Reciprocating internal combustion (IC) engines are known for converting chemical energy, which is stored in a fuel supply, into mechanical shaft power. A fuel-oxidizer mixture is received in a variable volume of an IC engine defined by a piston translating within a cylinder bore. The fuel-oxidizer mixture burns inside the variable volume to convert chemical energy from the mixture into heat. In turn, expansion of the combustion products within the variable volume performs work on the piston, which may be transferred to an output shaft of the IC engine.
In conventional direct injection compression ignition engines, most if not all of the fuel is injected into the variable volume a short ignition delay time before the desired ignition timing. In other compression ignition engines, such as homogeneous charge compression ignition (HCCI) engines, a fuel is substantially premixed with an oxidizer and ignited by compression within the variable volume. Premixing of the fuel and oxidizer may be achieved by injecting the fuel into the oxidizer upstream of the variable volume, injecting the fuel into the variable volume relatively early in a compression stroke, or combinations thereof.

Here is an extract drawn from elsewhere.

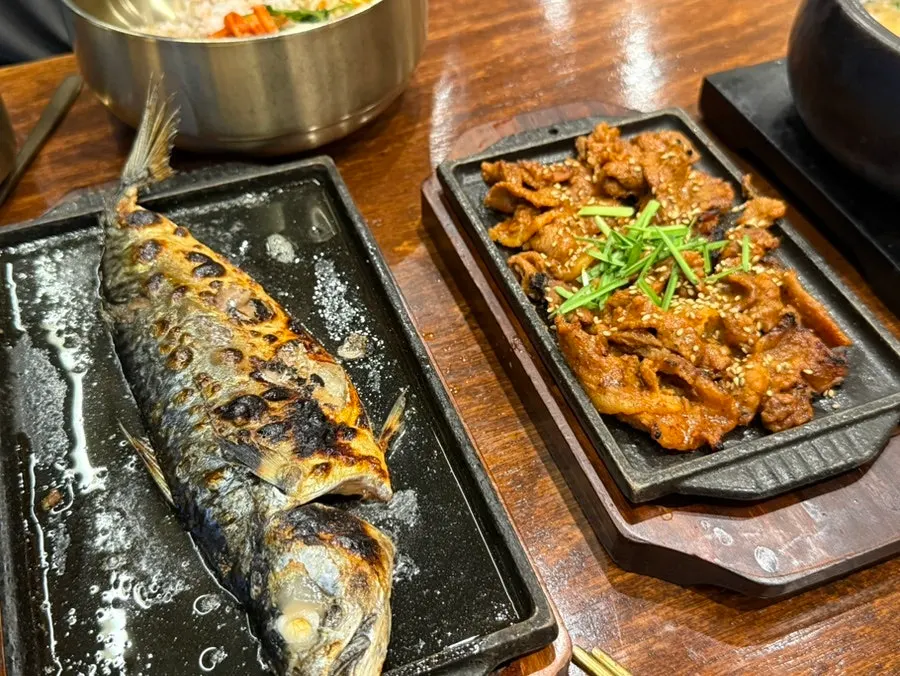 A full spread of the mackerel set and grilled gochujang pork set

Engines operating with fuels having relatively low Cetane values, such as natural gas, may benefit from supplemental ignition sources such as a spark plug or a pilot injection of a fuel having a relatively high Cetane value, such as distillate diesel fuel. For example, an engine may substantially premix a low-Cetane fuel with an oxidizer within a variable volume and then ignite the mixture of low-Cetane fuel and oxidizer by directly injecting an amount of high-Cetane fuel into the variable volume a short time delay before the desired ignition timing. In such a dual fuel configuration, compression ignition of the high-Cetane fuel may effect or promote ignition of the mixture of the low-Cetane fuel and the oxidizer.
In some dual fuel engine systems, a gaseous fuel is a low-Cetane fuel and a liquid fuel is a high-Cetane fuel, and injection of the liquid fuel and the gaseous fuel is controlled by two separate needle checks within a fuel injector connected to both a gaseous fuel common rail and a liquid fuel common rail. Where concentric needle checks are used, an outer check may be used to selectively open and close a gaseous fuel outlet, and an inner check may be used to selectively open and close a liquid fuel outlet. In other systems, adjacent rather than coaxial needle checks are used. An adjacent needle check design, which employs hydraulic control pressure from a liquid fuel common rail applied to each of the needle checks may be used to control opening and closing of a corresponding nozzle outlet.

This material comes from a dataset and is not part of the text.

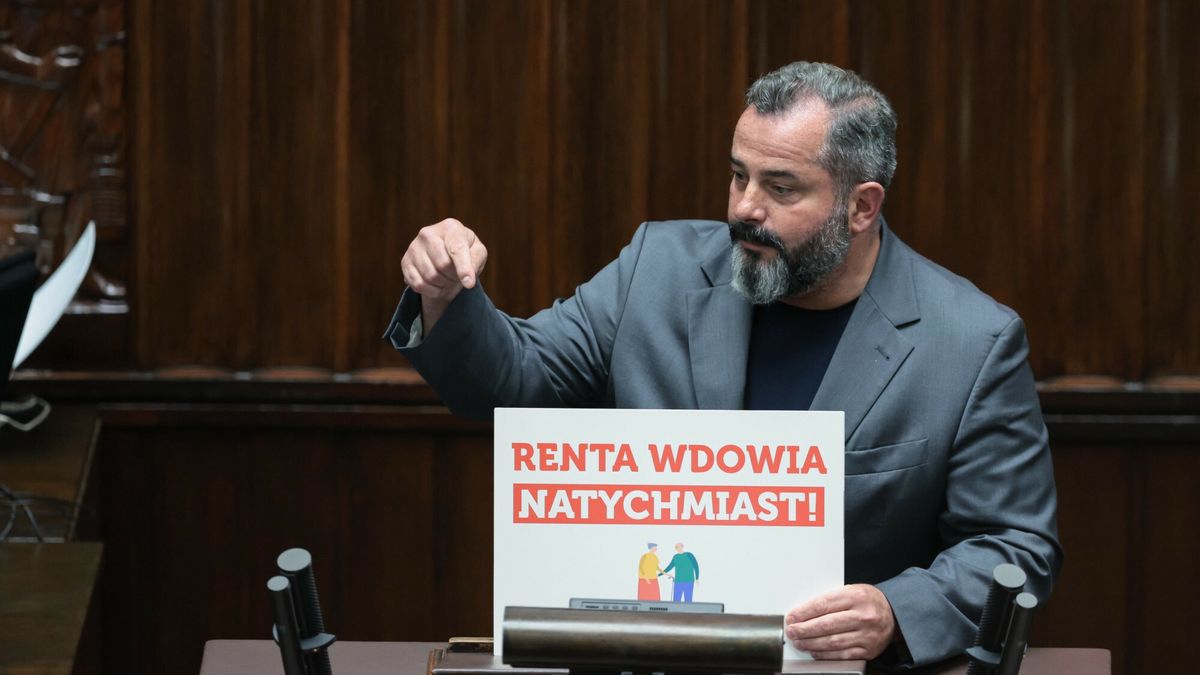 Poseł Lewicy Arkadiusz Iwaniak prezentujący w Sejmie postulat wprowadzenia renty wdowiej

U.S. Pat. No. 7,627,416 (the '416 patent) purports to describe a dual fuel common rail design in which liquid diesel fuel and natural gas fuel are both injected from a single fuel injector associated with each engine cylinder. The '416 patent recognizes that there may be instances in which the engine will need to operate solely on liquid diesel fuel due to exhaustion of the natural gas fuel supply or possibly due to a fault in the natural gas fuel supply portion of the system. However, problems and challenges associated with disparate liquid fuel pressure and the gaseous fuel pressure, such as leakage between the liquid fuel system and the gaseous fuel system across the needle checks, are neither recognized nor addressed in the '416 patent. Accordingly, improved dual fuel injectors are desired to address the aforementioned problems and/or other problems known in the art.
It will be appreciated that this background description has been created to aid the reader, and is not to be taken as an indication that any of the indicated problems were themselves known in the art.